Another emblem of Ireland, the green shamrock, is also connected in legend with St. Patrick, as having been used by him, through the lesson of its three leaves joined in one, in explaining the doctrine of the Trinity. Thus both the shamrock and the red saltire cross form the salient features of the insignia of the "Most Illustrious Order of St. Patrick," the Irish order of knighthood.
35. Arms of the Fitzgeralds.
33. Medal of Queen's First Visit to Ireland.
The Irish red cross on a white ground had been the ancient banner of the Irish family of the Fitzgeralds before the time of the conquest of Ireland under Henry II., and it still appears in the arms of their descendants (35). It appears to have been used as a flag at Cromwell's funeral, but notwithstanding its still earlier associations the red cross of St. Patrick does not seem to have been formally recognized as the general national emblem for Ireland until about the close of the seventeenth century. Its entrance into the Union Jack had long been delayed for reasons which will be pointed out.

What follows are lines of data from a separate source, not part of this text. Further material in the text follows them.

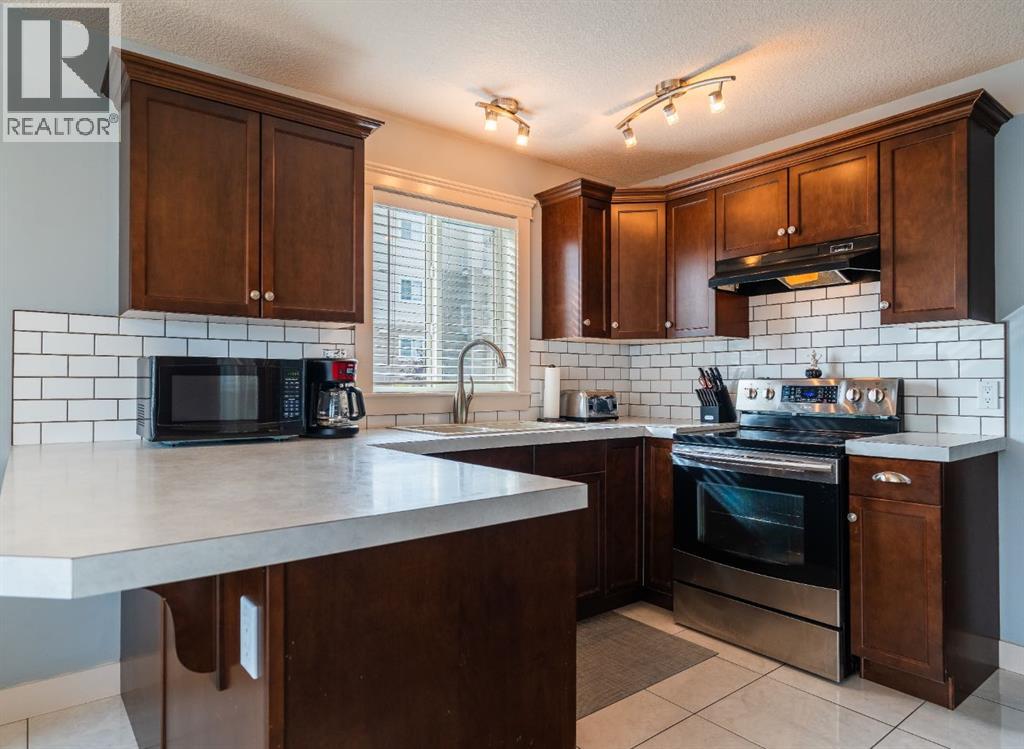 10501 113 Street, Grande Prairie, Alberta  T8V 3Z3 - Photo 9 - A2347324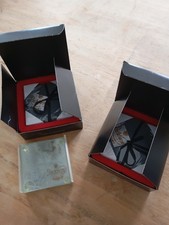 Untersetzer Schiefer von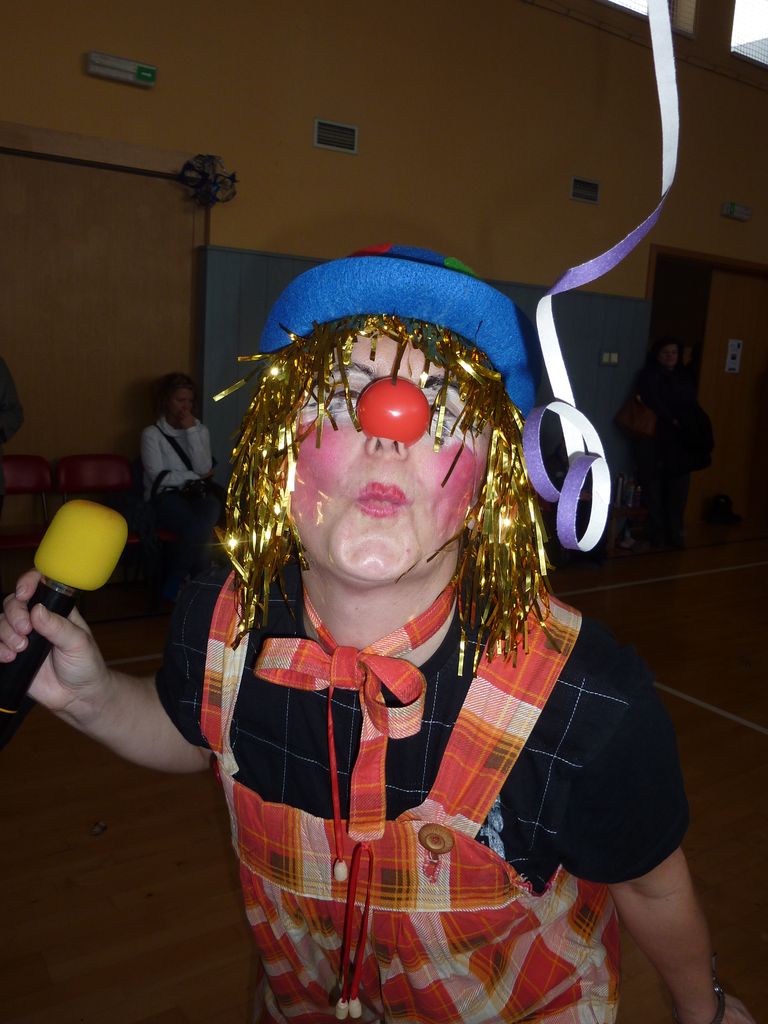 P1060693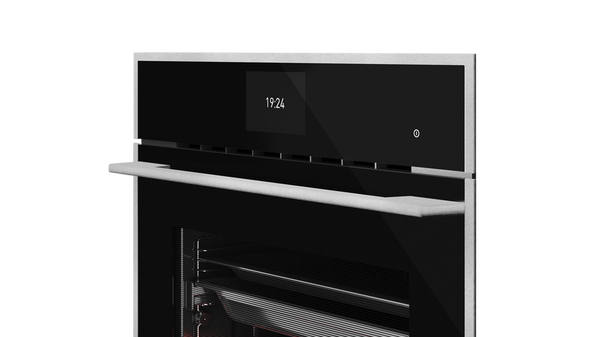 Horno pirolítico multifunción Teka Maestro iOven P 111000000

Though the kings of England had, since Henry II., in 1172, been "lords paramount," and since Henry VIII. been "kings of Ireland," the national Jack of Ireland had not been joined with the other Jacks. When the crosses of St. George and St. Andrew were combined in the "additional" Jack of James, in 1606, it was not included, nor was it afterwards, in the first Union Jack of Queen Anne, in 1707; so that for all these centuries the red cross of St. Patrick had continued alone. At length, the time was coming when another change was to be made in the Union Jack, and it was in 1801, under George III., that the red saltire cross of Ireland first joined the two sister crosses. For the immediately previous two hundred years the Irishman had gallantly contributed his prowess to the glories won under the two-crossed Jack, in which his nation had not been represented; but from this time onward his own Irish cross entered into its proper place in the national Union Jack, and received its acknowledged position as the emblem of the Irish kingdom.